- Born: c.1717 Cheam, Surrey
- Died: 1744 Tyburn
- Occupation: criminal

= Ann Duck =

British criminal

Ann Duck (c. 1717–1744) was a British criminal hanged at Tyburn in 1744. Her trials at the Old Bailey show that it was her crimes and not her mixed race that was the focus of those prosecuting her.

==Early life==
Ann Duck was baptised on 22 July 1717 in Cheam, Surrey, shortly before her parents married. Her father, John Duck, was Black, whilst her mother Ann was white. Her father had been in service with Edward Green of Nonsuch Park, near Cheam but became a teacher of swordsmanship to men at the London inns of court soon after he married. The Duck family lived in Little White's Alley, just off Chancery Lane. Ann had at least three younger siblings: John (bap. 1719), Elizabeth (bap. 1724, bur. 1727) and Mary (bap. 1729).

Ann learned to read and write, and to do accounts, and is thought to have worked as a shop assistant for a time.

In September 1740 her brother John sailed with Commodore Anson's squadron to South America aboard HMS Wager, which was wrecked off the coast of Chile eight months later – a crewmate claimed that he was later sold into slavery on account of his skin colour.

Their father John died in October 1740, which left the household without male earnings.

== Criminal career ==
Ann became a servant in a bawdy house, but by 1742 she was a member of the "Black Boy Alley Gang" of Clerkenwell. That year she was tried for assaulting a man. It appears that she was able to get away with crimes of violence because witnesses were afraid of her associates.
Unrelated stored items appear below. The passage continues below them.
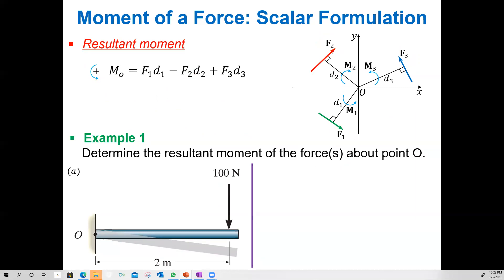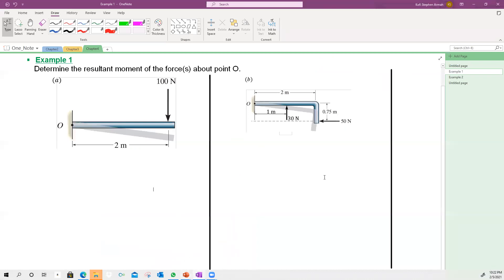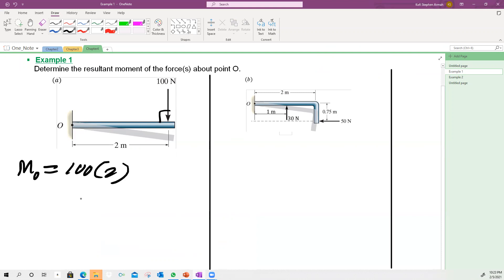Everything done so far is scalar formulation — 2D scalar formulation. When doing 3D it is better to use vector formulation. Let's do a few examples. Example A: find the moment about O. There is only one force and this is at 90 degrees. Moment about O equals force times distance = 100 × 2 = 200 Newton·meters, and it's turning in this direction, so you write that direction beside the answer.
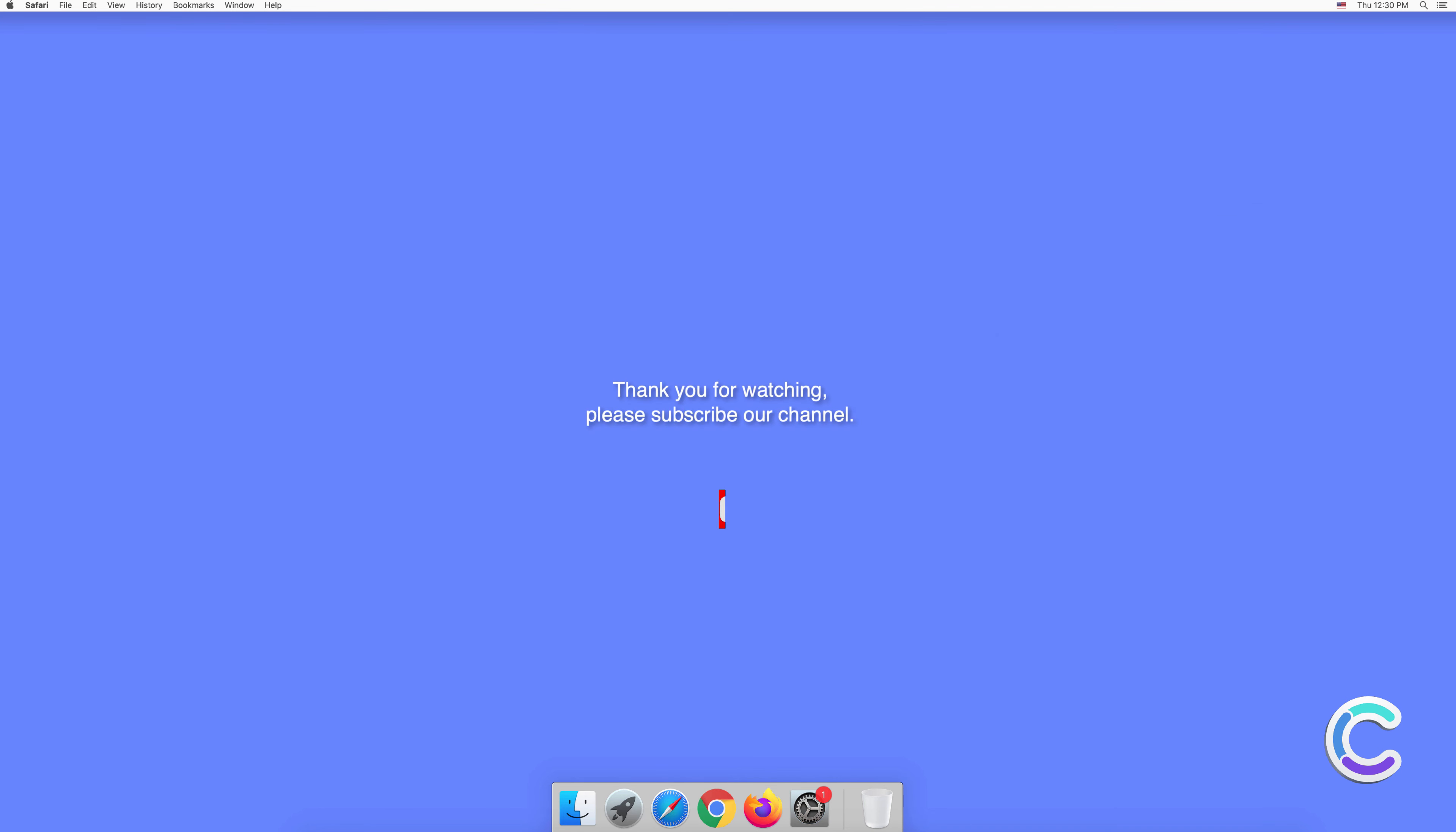Thank you for watching. Please subscribe to our channel.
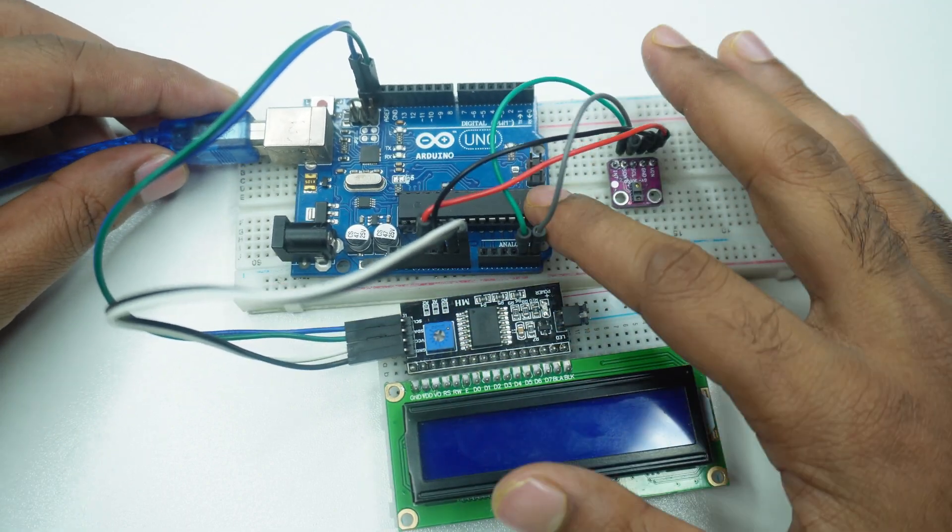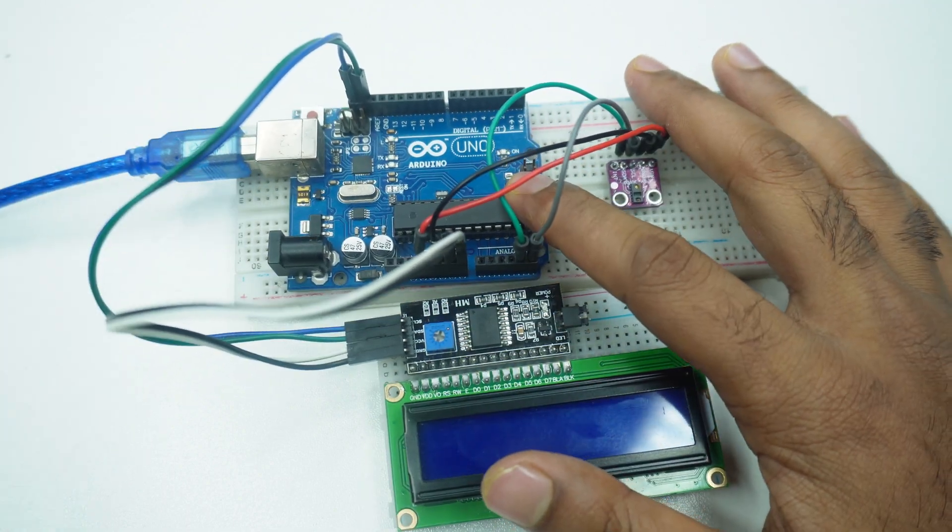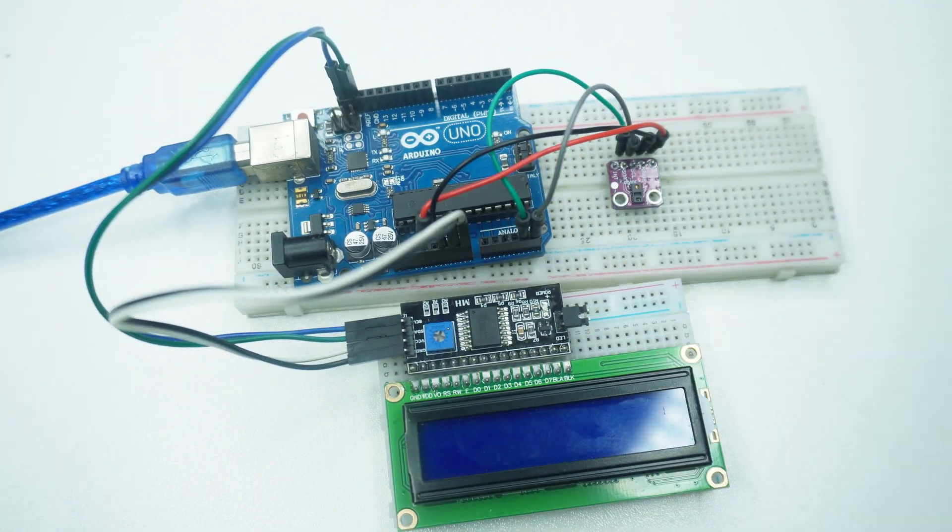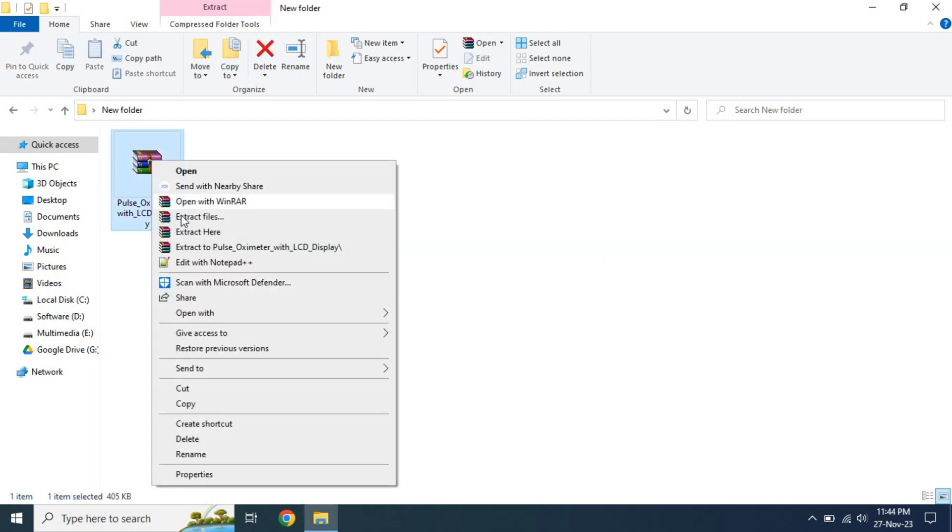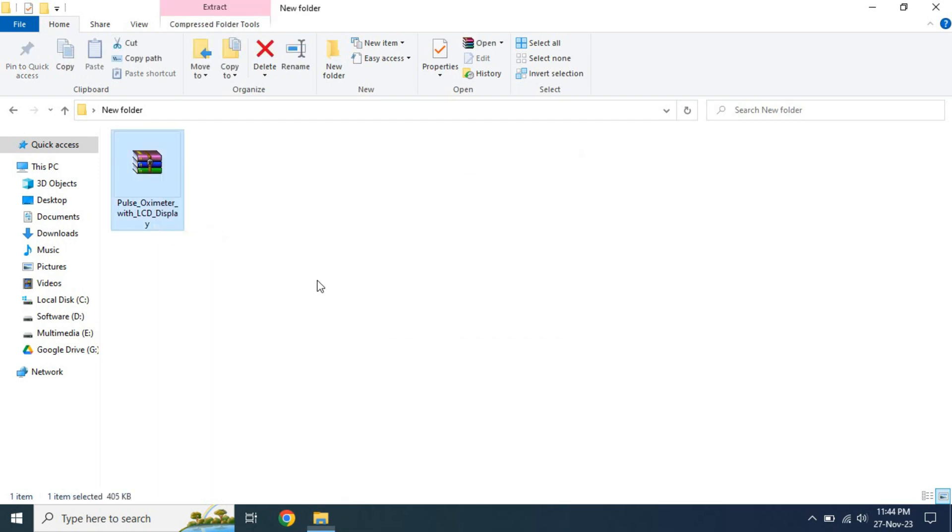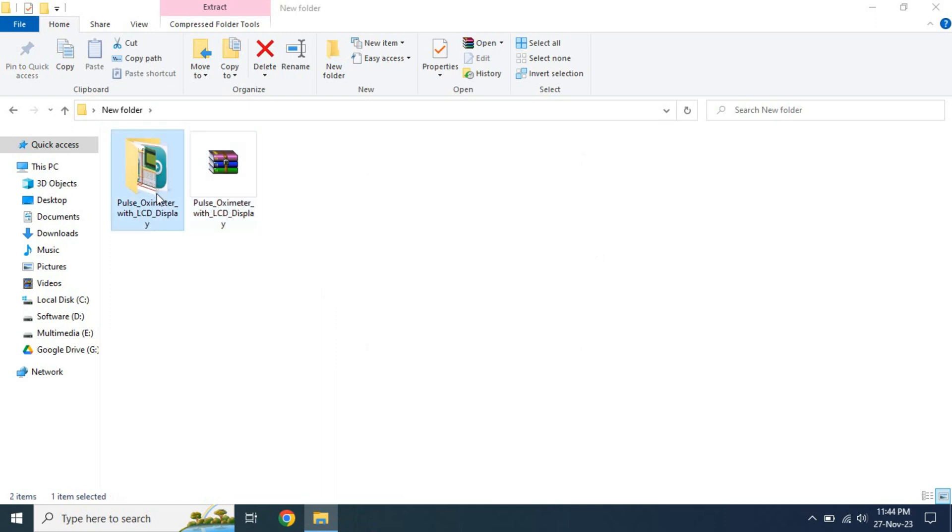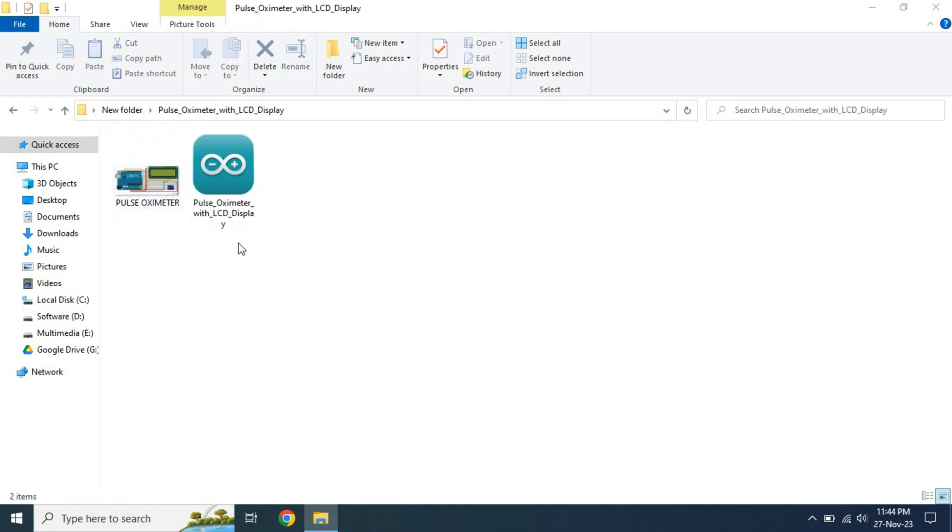Now, it's time to upload the program from our computer. Download the file from the link given in the video description. After unzip, we will get the diagram and program file. Now open the program file in Arduino IDE.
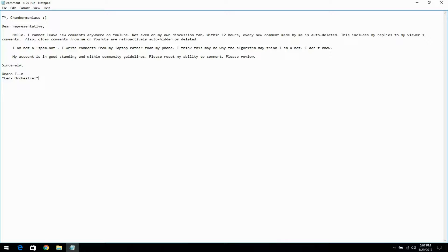Also, older comments from me on YouTube are retroactively auto-hidden or deleted.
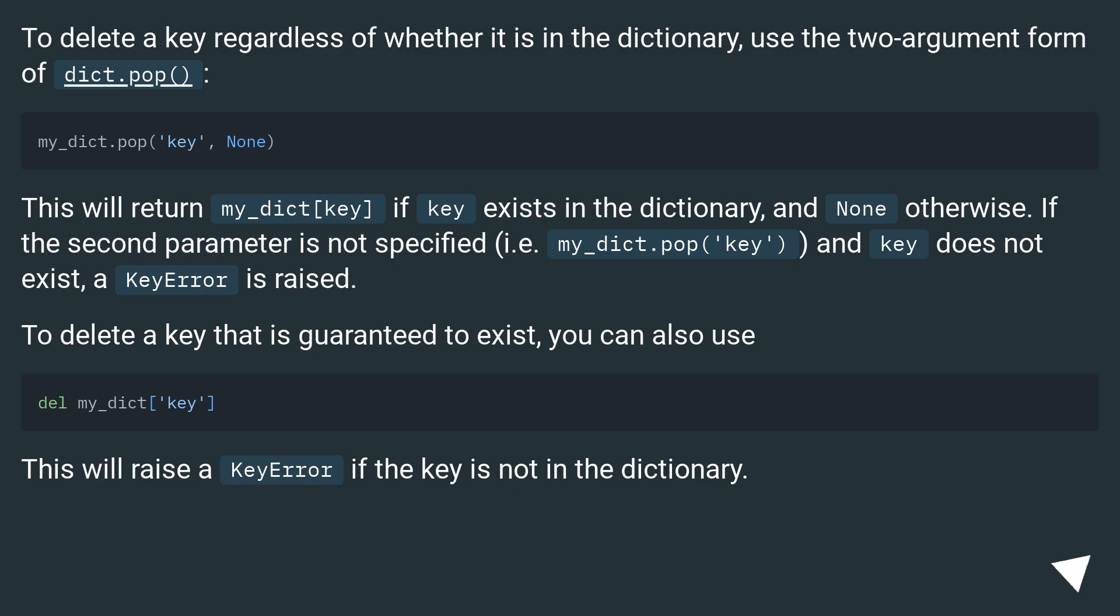To delete a key that is guaranteed to exist, you can also use del my_dict[key]. This will raise a KeyError if the key is not in the dictionary.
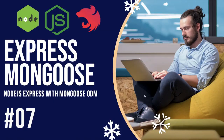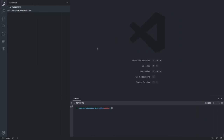Hi everyone, welcome back to my YouTube channel. We are covering Mongoose ODM with Express and NestJS. In this video we are going to build a full-stack application. We'll talk about the APIs using Express and Mongoose. Mongoose is an ORM to talk to our MongoDB database. I've already covered a couple of videos about relationships, and now we are going to do an end-to-end practical example.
The records of her life in the courts indicate that there was "no apparent prejudice" against black people and her appearance and her parents mixed-race marriage was considered unremarkable. Duck's crimes did not go unnoticed and in 1743 she was described as a "vile character" at the Old Bailey. After nineteen arrests she was finally sentenced to be hanged on 17 October 1744.

Duck confessed and was hanged at Tyburn in 1744. Her trial may not have been fair as John Forfar was paid five shillings and ninepence for assisting in the conviction of Duck and another criminal named Ann Barefoot.